▶ _Input for this task_:
_ _ _ _

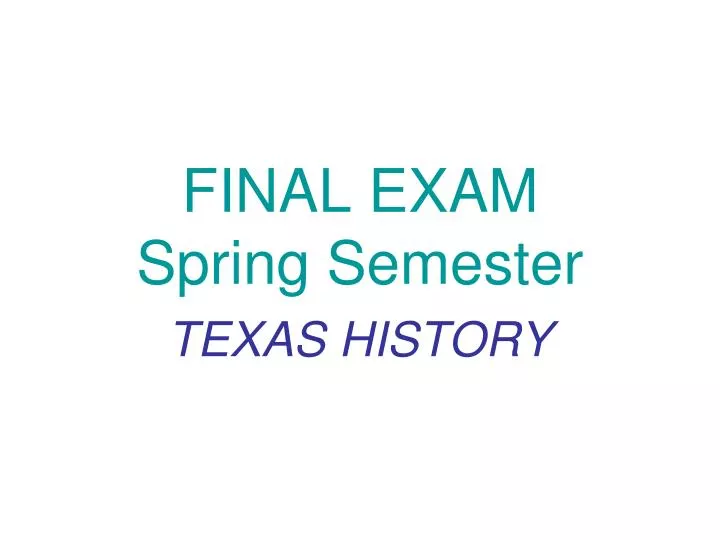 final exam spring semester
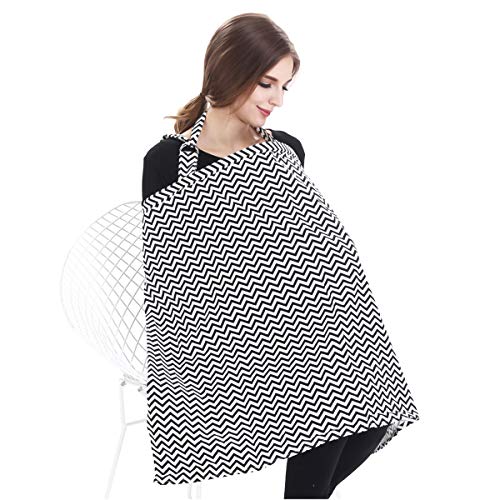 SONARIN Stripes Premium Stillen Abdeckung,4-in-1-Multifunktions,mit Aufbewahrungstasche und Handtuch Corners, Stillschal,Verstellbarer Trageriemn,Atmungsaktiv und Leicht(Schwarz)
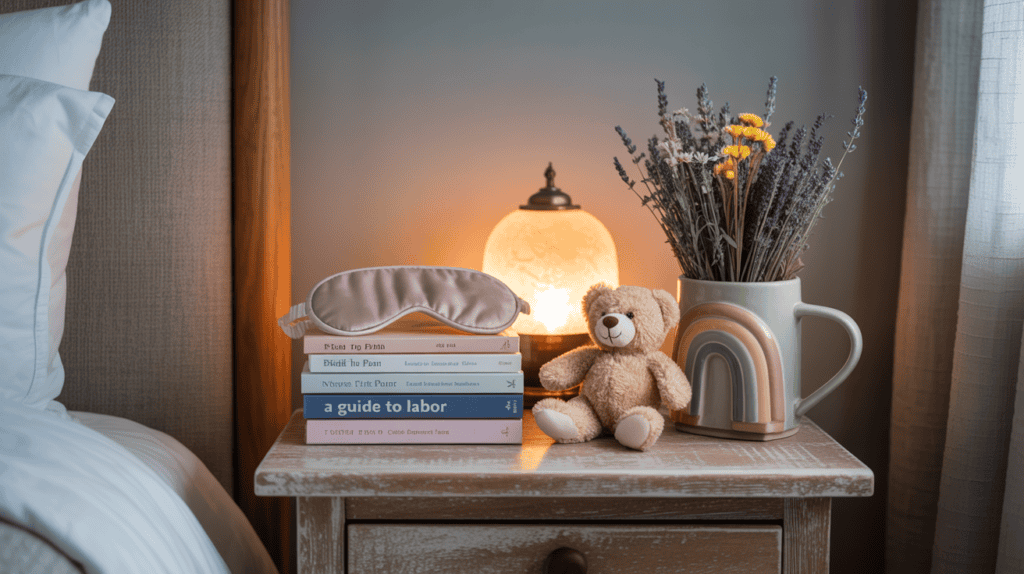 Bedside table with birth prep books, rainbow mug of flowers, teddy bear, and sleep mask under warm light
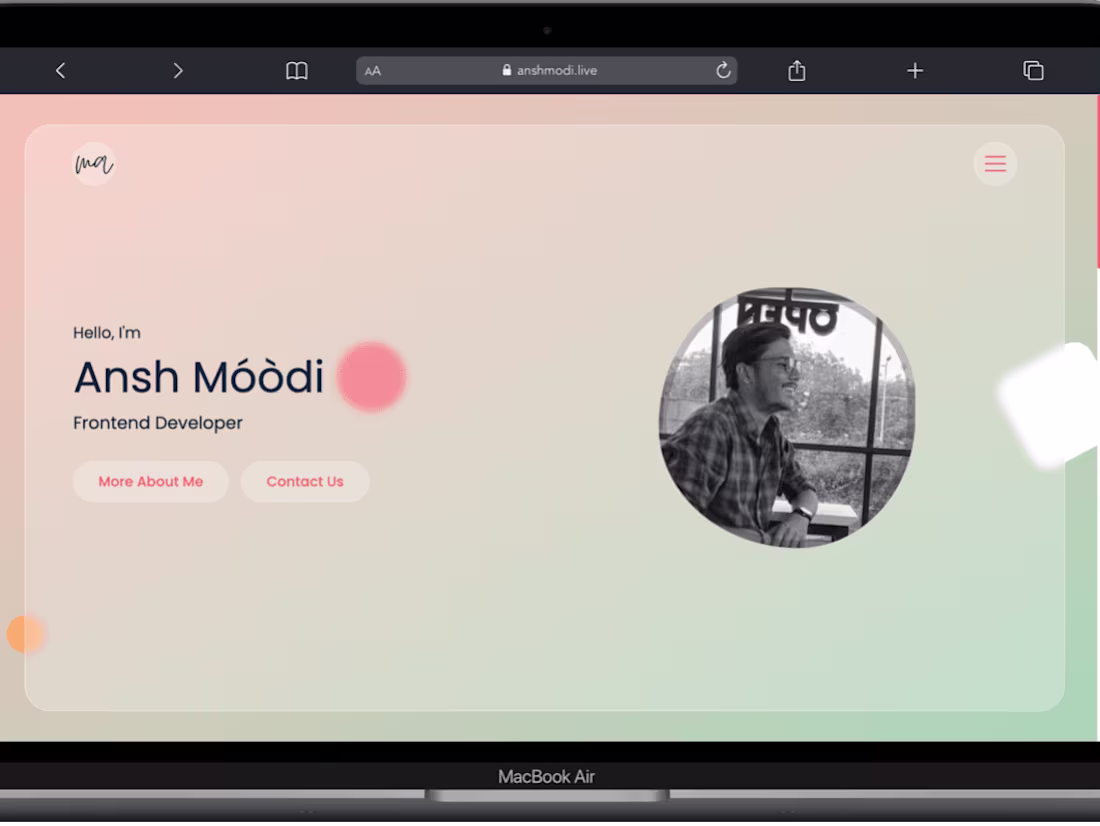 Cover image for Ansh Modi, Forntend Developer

_ _ _ _

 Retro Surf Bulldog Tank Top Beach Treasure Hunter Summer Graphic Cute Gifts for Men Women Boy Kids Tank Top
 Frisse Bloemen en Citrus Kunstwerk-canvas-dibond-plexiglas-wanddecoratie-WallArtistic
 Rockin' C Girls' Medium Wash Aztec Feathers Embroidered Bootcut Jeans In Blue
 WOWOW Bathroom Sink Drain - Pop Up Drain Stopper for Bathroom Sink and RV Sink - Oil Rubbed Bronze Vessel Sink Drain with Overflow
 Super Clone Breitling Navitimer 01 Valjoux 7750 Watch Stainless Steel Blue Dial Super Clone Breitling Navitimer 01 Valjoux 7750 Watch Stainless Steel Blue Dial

_ _ _ _

▶ _What needs to be done_: Above are the entries; copy every line among them that contains the word "Blue".

▶ _Answer section_:
 Rockin' C Girls' Medium Wash Aztec Feathers Embroidered Bootcut Jeans In Blue
 Super Clone Breitling Navitimer 01 Valjoux 7750 Watch Stainless Steel Blue Dial Super Clone Breitling Navitimer 01 Valjoux 7750 Watch Stainless Steel Blue Dial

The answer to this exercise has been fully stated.